Unser Ultimatum hat gewirkt: Binnen 24 Stunden hat der Senat reagiert und die Stolperfalle am Eingang Glogauer Straße durch den Einbau eines Warn-Pfostens vorerst entschärft.

Ganz offensichtlich haben sie unsere Ankündigung ernst genommen: Wenn hier nicht umgehend reagiert wird, werden wir das selbst in die Hand nehmen. Dass es erst ein Ultimatum an den Senat brauchte, damit dieser tätig wird, spricht Bände.

Das gleiche Stolperfallen-Modell ist mittlerweile auch am Eingang bei der Fußgänger*innen-Brücke über den Kanal verbaut. Auch hier ist der Senat aufgefordert, umgehend Maßnahmen zur Entschärfung der gefährlichen Situation durchzuführen.

Auch die Stolperfallen an allen anderen Parkeingängen werden wir nicht akzeptieren. Diese sind bis Ende März so umzubauen, dass hier kein Sturzrisiko für Fahrradfahrende und Fußgänger*innen mehr besteht.

Es ist ein Skandal, wie der Senat am Görlitzer Park unter dem Vorwand, angeblich „Sicherheit“ zu schaffen, permanent neue unsichere und gefährliche Situationen schafft, um seine populistische und rassistische ausschließende Politik durchzusetzen.
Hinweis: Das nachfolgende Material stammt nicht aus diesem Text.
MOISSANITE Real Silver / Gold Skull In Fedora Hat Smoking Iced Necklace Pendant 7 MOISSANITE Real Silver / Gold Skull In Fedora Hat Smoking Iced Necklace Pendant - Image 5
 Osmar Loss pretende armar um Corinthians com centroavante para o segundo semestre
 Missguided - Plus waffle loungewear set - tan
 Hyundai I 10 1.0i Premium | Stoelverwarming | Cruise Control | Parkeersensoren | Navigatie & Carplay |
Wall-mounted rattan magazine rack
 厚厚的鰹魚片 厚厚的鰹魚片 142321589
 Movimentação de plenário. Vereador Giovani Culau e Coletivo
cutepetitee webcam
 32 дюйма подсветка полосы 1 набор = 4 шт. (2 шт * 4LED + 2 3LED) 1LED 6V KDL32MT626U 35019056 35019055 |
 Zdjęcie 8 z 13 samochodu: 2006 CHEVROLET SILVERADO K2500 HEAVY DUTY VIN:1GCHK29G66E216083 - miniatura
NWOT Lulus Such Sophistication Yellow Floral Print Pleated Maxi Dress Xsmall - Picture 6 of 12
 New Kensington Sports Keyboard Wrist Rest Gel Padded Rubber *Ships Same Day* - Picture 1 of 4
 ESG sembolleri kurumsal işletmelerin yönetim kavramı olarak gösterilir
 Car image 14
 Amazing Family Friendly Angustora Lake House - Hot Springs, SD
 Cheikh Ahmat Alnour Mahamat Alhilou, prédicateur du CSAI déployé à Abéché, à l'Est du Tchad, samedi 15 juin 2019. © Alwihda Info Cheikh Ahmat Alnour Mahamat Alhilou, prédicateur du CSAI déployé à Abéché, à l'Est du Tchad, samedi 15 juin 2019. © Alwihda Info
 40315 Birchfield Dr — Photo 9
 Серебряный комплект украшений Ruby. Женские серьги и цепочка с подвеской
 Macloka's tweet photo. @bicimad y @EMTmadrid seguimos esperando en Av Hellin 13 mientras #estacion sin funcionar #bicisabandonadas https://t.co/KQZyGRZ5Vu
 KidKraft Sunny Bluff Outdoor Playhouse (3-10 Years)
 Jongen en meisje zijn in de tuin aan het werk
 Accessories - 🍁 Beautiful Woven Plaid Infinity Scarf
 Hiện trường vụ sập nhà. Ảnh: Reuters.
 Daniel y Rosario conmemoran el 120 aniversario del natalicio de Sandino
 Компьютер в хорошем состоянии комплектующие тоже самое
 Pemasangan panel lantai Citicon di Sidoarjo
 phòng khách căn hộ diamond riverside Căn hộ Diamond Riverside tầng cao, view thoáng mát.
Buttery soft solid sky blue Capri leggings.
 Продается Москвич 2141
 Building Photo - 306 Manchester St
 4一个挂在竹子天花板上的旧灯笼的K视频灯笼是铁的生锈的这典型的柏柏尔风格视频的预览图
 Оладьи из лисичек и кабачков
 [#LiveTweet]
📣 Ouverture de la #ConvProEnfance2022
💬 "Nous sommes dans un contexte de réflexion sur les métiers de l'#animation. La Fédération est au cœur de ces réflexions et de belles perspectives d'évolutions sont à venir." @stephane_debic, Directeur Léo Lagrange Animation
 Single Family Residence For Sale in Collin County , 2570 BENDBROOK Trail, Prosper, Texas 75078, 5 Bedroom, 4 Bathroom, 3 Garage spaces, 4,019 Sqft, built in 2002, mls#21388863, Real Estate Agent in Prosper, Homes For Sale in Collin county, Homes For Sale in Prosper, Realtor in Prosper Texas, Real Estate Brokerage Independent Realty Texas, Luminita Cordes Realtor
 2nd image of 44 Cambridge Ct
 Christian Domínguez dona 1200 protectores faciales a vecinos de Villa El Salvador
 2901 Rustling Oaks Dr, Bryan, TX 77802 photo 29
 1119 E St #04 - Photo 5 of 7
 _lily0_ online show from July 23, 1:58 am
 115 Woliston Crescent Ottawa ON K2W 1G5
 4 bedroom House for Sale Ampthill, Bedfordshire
Es ist schon lange an der Zeit, dass der Senat erkennt, dass sein vor Ort breit abgelehntes Repressions-Experiment „Görli-Schließung“ gescheitert ist.

Aktuell läuft noch eine Ausschreibung für einen neuen Wachschutz ab Anfang Mai zur nächtlichen Schließung des Görlitzer Parks mit einem Volumen bis zu 611.000 Euro. Wir fordern, dass diese Ausschreibung umgehend gestoppt und das Experiment Görli-Schließung jetzt beendet wird.